The linearised conformal Einstein field equations around a Petrov-type~D spacetime: the conformal Teukolsky equation
Edgar Gasperin, Rodrigo Panosso Macedo, Justin Feng
TL;DR
This work builds a covariant, conformal formulation of black-hole perturbation theory by deriving a CEFE-based version of the Teukolsky equation. By promoting the conformal factor $\Xi$ to a dynamical field within Friedrich’s conformal Einstein field equations and employing Newman-Penrose formalism, the authors obtain a conformal Teukolsky equation that mirrors the classical Teukolsky equation while remaining regular at the conformal boundary. Linearising about a Petrov type D background (e.g., Kerr) reveals decoupling of the conformal perturbations from the rescaled Weyl perturbations, enabling a clean master equation for spin weights $\mathfrak{s}=\pm2$. The paper provides two concrete applications: a hyperboloidal Kerr representation where the master variable is identified with a NP component of the rescaled Weyl tensor, and a cylinder-at-spatial-infinity representation where the CEFE-Teukolsky equation reduces to transport equations along the cylinder. This framework bridges traditional BH perturbation theory with a fully covariant conformal approach, paving the way for non-linear and metric-reconstruction extensions within a regular, geometrically transparent setting.
Abstract
While the Teukolsky equation plays a central role in traditional treatments of perturbations of algebraically special spacetimes, its relation to Friedrich's conformal Einstein field equations (CEFEs) remains largely unexplored. Here we develop a conformal formulation of black-hole perturbation theory based on the CEFEs and derive the conformal Teukolsky equation.
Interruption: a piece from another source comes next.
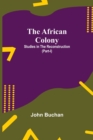 Image for The African Colony : Studies in the Reconstruction (Part-I)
Starting from a transparent review of Friedrich's regularisation strategy, this work establishes a direct connection between mainstream curvature-based linear perturbation theory and conformal formulations of general relativity. This perspective is timely given the growing relevance of hyperboloidal frameworks in black-hole perturbation theory, where conformal compactification is introduced at the level of an already linearised effective wave equation. Here instead, the conformal factor is a dynamical variable within the field equations. In the non-linear equations there is a coupling between conformal and curvature perturbations; however, when linearised around a Petrov-type D background, the conformal factor decouples from the equations governing the Newman-Penrose components $φ_0$ and $φ_4$ of the rescaled Weyl tensor. The resulting equation preserves the structural form of the classical Teukolsky equation while remaining regular at the conformal boundary. This provides a geometric interpretation of the hyperboloidal master variable and an entry point into the CEFE framework. We further derive the conformal Teukolsky equation for a conformal representation of Kerr spacetime where spatial infinity is realised as a blown-up cylinder. By bridging conformal and traditional approaches to black-hole perturbation theory, the framework highlights a geometrically regular representation of perturbative dynamics that may inform extensions beyond the linear regime.